▶ **Exercise**
Please write out all the data exactly as shown.

##### Data provided

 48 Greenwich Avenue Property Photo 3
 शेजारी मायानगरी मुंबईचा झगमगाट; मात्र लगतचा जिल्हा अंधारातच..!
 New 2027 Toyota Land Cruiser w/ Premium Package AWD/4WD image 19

##########

▶ **Response for this exercise**
 48 Greenwich Avenue Property Photo 3
 शेजारी मायानगरी मुंबईचा झगमगाट; मात्र लगतचा जिल्हा अंधारातच..!
 New 2027 Toyota Land Cruiser w/ Premium Package AWD/4WD image 19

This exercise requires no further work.